To change the bar texture, use the density parameter:

Example
x <- c("A", "B", "C", "D")
y <- c(2, 4, 6, 8)

barplot(y, names.arg = x, density = 10)



Bar Width

Use the width parameter to change the width of the bars:

Example
x <- c("A", "B", "C", "D")
y <- c(2, 4, 6, 8)

barplot(y, names.arg = x, width = c(1,2,3,4))

Output:


Horizontal Bars

If you want the bars to be displayed horizontally instead of vertically, use horiz=TRUE:

Example
x <- c("A", "B", "C", "D")
y <- c(2, 4, 6, 8)

barplot(y, names.arg = x, horiz = TRUE,col='green')
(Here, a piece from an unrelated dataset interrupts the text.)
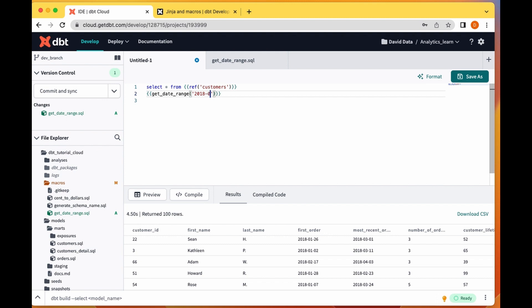And my end date is 2018-01-06. Let's run this and see.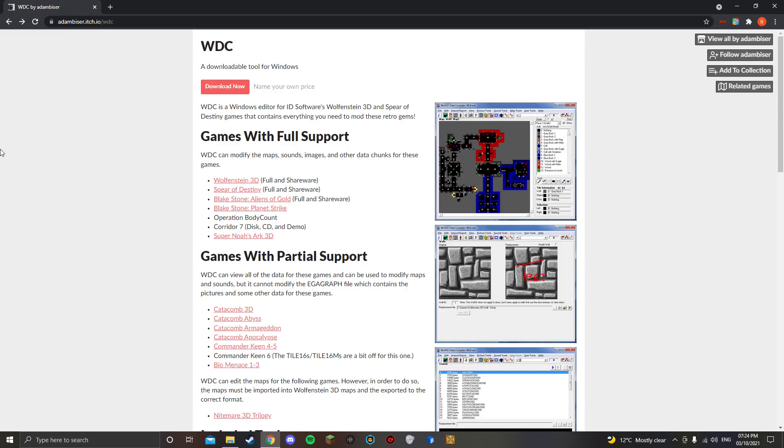Alright, hello everyone, welcome back to another video on the BigMeAndMan channel. In today's video, this is going to be a very straightforward video. This is going to be a very quick video, and it's going to be teaching you how to make a Wolfenstein 3D level.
Provide Names for Barchart,axis and for Each Bar of Bar Plot in R

We pass the names.arg parameter inside barplot() to provide names for each bar in R. 
For example,
temperatures <- c(22, 27, 26, 24, 23, 26, 28)
result <- barplot(temperatures, main = "Maximum Temperatures in a Week", 
 xlab = "Degree Celsius", ylab = "Day", 
 names.arg = c("Sun", "Mon", "Tue", "Wed", "Thu", "Fri", "Sat"),col='red' ) 

 print(result)

Output:

Stacked Bar Plot in R

R allows us to create stacked bars by using a matrix as input values. For example,
# create a matrix
titanic_data <-  matrix(c(122, 203, 167, 118, 528, 178, 673, 212),
nrow = 2, ncol = 4)

result <- barplot(titanic_data,
main = "Survival of Each Class",
xlab = "Class",
names.arg = c("1st", "2nd", "3rd", "Crew"),
col = c("red","green")
)

legend("topleft",
c("Not survived","Survived"),
fill = c("red","green")
)

print(result)



In the above example, we have created a matrix named titanic_data with 1st row containing data of non-survivals and 2nd row with data of survivals.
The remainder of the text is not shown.